Sugar bum rush
Fire Wings8785 Center Pkwy.
Sacramento, CA 95823
Critics are supposed to be dispassionate about their subjects. However, we all have our preferences. It cannot be helped. At times we simply have to keep our excitement (or disdain) in check and remain as focused as possible.
For me, this can be difficult when confronted with a big plate of chicken wings because, ladies and gentlemen, I will end you if you get between me and a plate of wings.
So, naturally, when I was informed that a new wing joint in south Sacramento called Fire Wings had opened, I immediately knocked down my fellow food critics and volunteered.

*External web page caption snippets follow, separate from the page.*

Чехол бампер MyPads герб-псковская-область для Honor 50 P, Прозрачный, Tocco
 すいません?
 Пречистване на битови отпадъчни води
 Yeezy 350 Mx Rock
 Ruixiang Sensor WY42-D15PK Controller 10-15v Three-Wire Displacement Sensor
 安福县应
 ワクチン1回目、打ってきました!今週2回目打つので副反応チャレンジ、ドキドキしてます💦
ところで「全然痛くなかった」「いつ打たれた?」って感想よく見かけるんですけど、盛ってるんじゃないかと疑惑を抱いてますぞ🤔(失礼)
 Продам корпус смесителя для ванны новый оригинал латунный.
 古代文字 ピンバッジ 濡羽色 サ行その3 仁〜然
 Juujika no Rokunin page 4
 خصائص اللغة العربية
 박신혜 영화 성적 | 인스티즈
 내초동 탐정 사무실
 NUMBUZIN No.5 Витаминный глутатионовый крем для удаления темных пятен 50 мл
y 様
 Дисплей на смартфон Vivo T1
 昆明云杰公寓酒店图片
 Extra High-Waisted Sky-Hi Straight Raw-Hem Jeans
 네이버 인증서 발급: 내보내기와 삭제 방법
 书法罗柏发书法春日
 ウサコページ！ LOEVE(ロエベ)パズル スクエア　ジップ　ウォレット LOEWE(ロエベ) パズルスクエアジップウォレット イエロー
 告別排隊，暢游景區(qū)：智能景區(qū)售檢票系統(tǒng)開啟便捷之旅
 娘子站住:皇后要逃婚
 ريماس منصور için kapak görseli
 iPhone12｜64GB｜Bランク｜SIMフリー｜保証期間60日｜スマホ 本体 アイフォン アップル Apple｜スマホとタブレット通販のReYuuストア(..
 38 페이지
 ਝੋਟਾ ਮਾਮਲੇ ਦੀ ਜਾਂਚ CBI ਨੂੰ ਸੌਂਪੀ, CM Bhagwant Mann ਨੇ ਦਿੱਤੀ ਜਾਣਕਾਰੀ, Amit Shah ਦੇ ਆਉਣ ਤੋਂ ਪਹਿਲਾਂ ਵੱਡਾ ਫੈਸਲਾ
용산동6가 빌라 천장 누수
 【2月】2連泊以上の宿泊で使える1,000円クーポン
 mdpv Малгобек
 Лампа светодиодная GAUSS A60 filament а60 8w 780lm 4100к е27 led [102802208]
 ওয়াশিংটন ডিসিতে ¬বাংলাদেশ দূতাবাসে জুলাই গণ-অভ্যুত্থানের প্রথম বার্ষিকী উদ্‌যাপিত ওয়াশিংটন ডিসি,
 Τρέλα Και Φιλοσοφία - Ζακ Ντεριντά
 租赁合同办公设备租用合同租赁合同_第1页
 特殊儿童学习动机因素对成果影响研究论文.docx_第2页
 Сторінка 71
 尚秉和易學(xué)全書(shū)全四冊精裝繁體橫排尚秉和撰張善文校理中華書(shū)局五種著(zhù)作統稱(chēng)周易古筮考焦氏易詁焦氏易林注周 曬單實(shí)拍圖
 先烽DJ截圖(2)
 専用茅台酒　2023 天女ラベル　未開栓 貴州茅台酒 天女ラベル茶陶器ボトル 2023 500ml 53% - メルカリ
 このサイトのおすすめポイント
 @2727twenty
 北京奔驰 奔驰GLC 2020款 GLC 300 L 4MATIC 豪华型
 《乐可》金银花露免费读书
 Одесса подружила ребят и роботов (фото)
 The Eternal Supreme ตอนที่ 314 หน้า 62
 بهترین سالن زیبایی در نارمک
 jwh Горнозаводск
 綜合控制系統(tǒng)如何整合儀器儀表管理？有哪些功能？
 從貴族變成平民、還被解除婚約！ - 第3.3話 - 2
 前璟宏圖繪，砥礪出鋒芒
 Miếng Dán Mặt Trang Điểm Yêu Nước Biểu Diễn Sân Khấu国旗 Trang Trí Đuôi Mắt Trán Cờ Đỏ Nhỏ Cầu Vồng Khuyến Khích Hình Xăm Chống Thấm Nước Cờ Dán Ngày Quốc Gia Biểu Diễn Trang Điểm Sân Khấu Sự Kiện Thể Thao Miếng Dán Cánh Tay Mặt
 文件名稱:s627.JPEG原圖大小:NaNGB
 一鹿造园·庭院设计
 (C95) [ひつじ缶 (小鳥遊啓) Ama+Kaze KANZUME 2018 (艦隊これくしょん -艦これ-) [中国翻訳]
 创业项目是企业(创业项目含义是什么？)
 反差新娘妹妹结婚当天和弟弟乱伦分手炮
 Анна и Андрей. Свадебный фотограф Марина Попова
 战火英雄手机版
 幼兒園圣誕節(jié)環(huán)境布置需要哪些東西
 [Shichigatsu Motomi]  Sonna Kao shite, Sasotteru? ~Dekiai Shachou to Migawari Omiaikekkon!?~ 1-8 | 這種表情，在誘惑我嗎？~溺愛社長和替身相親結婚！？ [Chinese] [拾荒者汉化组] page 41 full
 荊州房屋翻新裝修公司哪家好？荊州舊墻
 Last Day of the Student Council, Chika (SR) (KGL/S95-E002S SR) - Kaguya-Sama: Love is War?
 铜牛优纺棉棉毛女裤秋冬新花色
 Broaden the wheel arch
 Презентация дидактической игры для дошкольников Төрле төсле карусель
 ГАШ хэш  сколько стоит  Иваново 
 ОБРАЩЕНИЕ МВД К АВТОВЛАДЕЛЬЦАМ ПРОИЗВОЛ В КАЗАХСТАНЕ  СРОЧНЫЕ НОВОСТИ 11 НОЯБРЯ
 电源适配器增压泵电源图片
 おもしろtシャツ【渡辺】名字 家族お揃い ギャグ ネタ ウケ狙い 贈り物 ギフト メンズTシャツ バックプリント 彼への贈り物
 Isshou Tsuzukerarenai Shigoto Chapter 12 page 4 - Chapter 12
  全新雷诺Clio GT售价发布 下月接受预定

Wing-wise, what it comes down to is three things: the chicken, the flavors and the dips.
Here, chicken is offered bone-in and boneless. Both are moist and meaty. The puritans will love that the bone-in wings and drumettes have plenty of girth, while the boneless nuggets are gargantuan in size. (’Murica!)
To quote Jennifer 8. Lee in her famous TED Talk, “The Hunt for General Tso,” “It’s sweet, it’s fried, it’s chicken: Americans will love this.” She was talking about General Tso’s chicken, but the concept applies here in most of the flavors. Let’s break down a few:
Peking: I felt cheated by the name. These are simply wings glazed in candy red sweet-and-sour sauce.
Salt & Pepper Wings: Cocaine isn’t as addictive as these wings. Phenomenal.
Jamaican Jerk: I don’t think the owners know what jerk flavor is. No herbs or spices except for gobs of cinnamon, and the heat level is nonexistent. A heavy dredge of sugar made these wings taste like they came from the airport Cinnabon.
Malaysian Curry Rub: These taste like a yellow curry, but in chicken-wing form. Noms.
Thai Chili: #fishsauce #iwantyouinsideme
Cali Rub: This makes for a pathetic attempt at an actual barbecue rub. Add some chili powder, chipotle, thyme, paprika, cumin—hell, add some salt. Lose some sugar.
Peanut Butter: These are wings dipped in a Thai peanut sauce. Good for one wing, then you’ll feel heavy and sick. Still too much sugar.
Mango Habanero: I call bullshit on there being any of either ingredient actually present in that glaze. More sugar.
Meanwhile, the dips, frankly, are pedestrian. They’re tasty, don’t get me wrong, but you’ve tried honey mustard, ranch, blue cheese and barbecue sauces. They’re no different here than they are elsewhere.
A number of sides are available. The fries are fine enough and come out hot and crispy. The mac ’n’ cheese is uberprocessed, but still better than the stuff made by most restaurants in town. The coleslaw should be avoided because it’s dressed in a sauce that is 99 percent—you guessed it—sugar.
Cost here is flexible when it comes to the actual chicken, and ranges from six pieces and a dip from $8.99 to a 100-piece pack with eight dips, fries, two sides and veggies for $94.95. Plus, on Tuesdays, wings are 50 cents each.
Fire Wings is not revolutionary in the slightest. Still, for a good time and food that encourages eating with your hands, mountains of stained napkins and dining with only your best crew, it’s hard to go wrong. Just avoid the too, too-sweet flavors and dips and you’ll be happy.